- [What to work on] Write out the whole listing exactly; no images belong in it.

- [Records shown]

—————

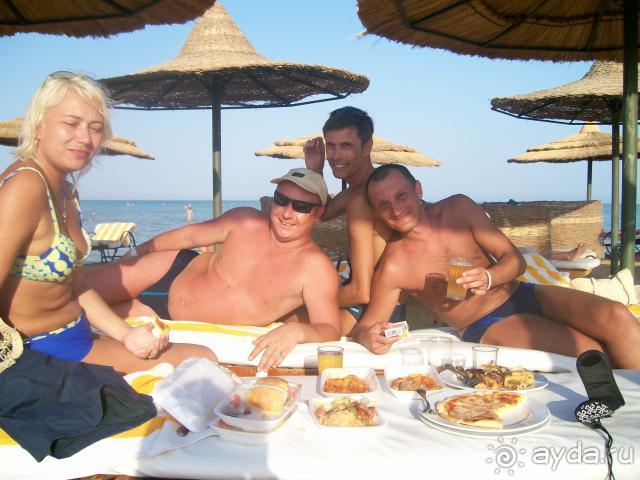 Обедать можно и на пляже...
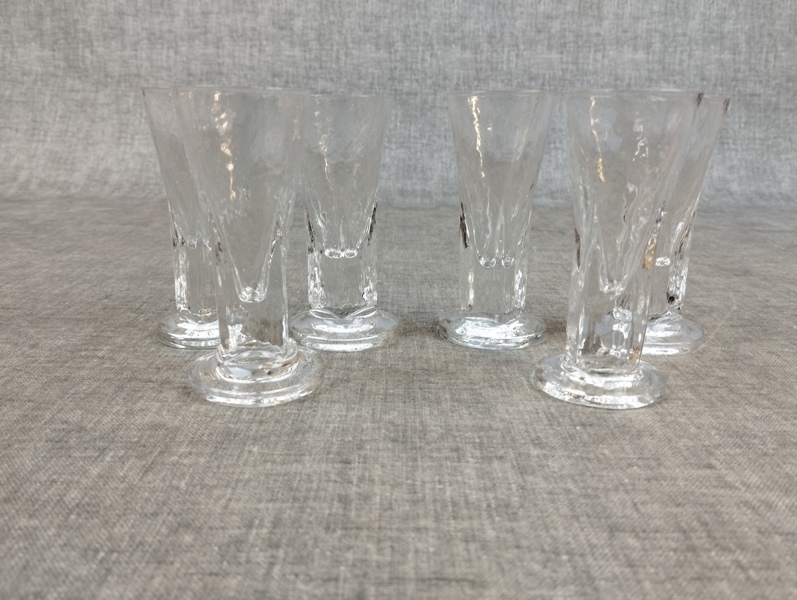 ANETTE KRAHNER. 6 Snapsglas, "Järnet". Royal Krona.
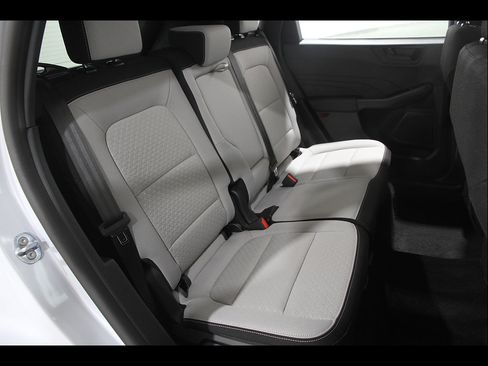 Used 2025 Ford Escape Active w/ Cold Weather Package AWD/4WD image 17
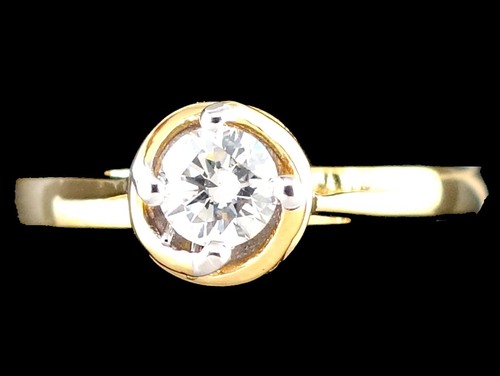 Diamond Ring Round Shape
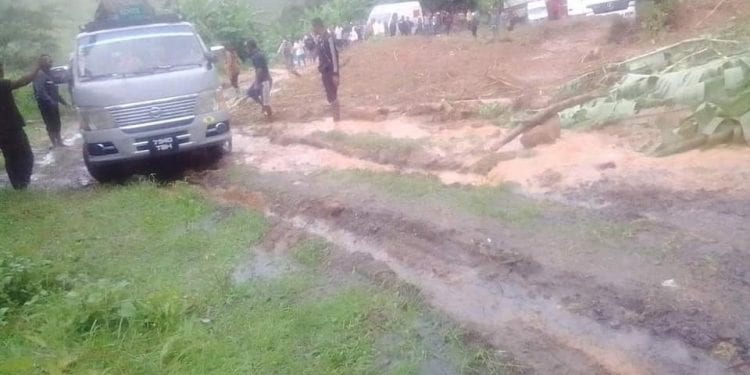INTEMPERIES – La RN2 coupée à la circulation au niveau de Mandraka et de Moramanga après les pluies incessantes de la nuit du samedi à dimanche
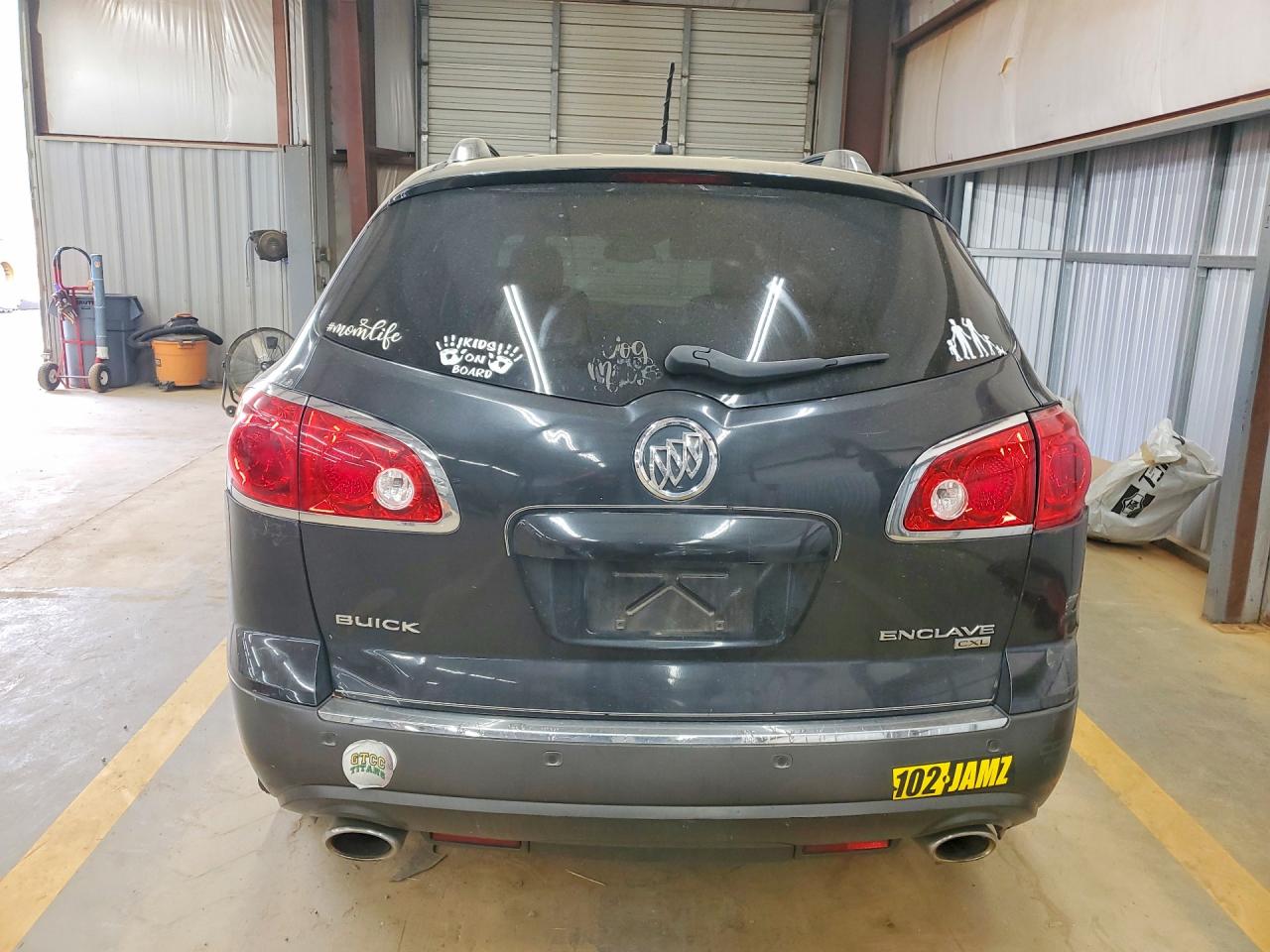 2008 BUICK ENCLAVE CXL photo 16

—————

- [Solution to the exercise]
 Обедать можно и на пляже...
 ANETTE KRAHNER. 6 Snapsglas, "Järnet". Royal Krona.
 Used 2025 Ford Escape Active w/ Cold Weather Package AWD/4WD image 17
 Diamond Ring Round Shape
INTEMPERIES – La RN2 coupée à la circulation au niveau de Mandraka et de Moramanga après les pluies incessantes de la nuit du samedi à dimanche
 2008 BUICK ENCLAVE CXL photo 16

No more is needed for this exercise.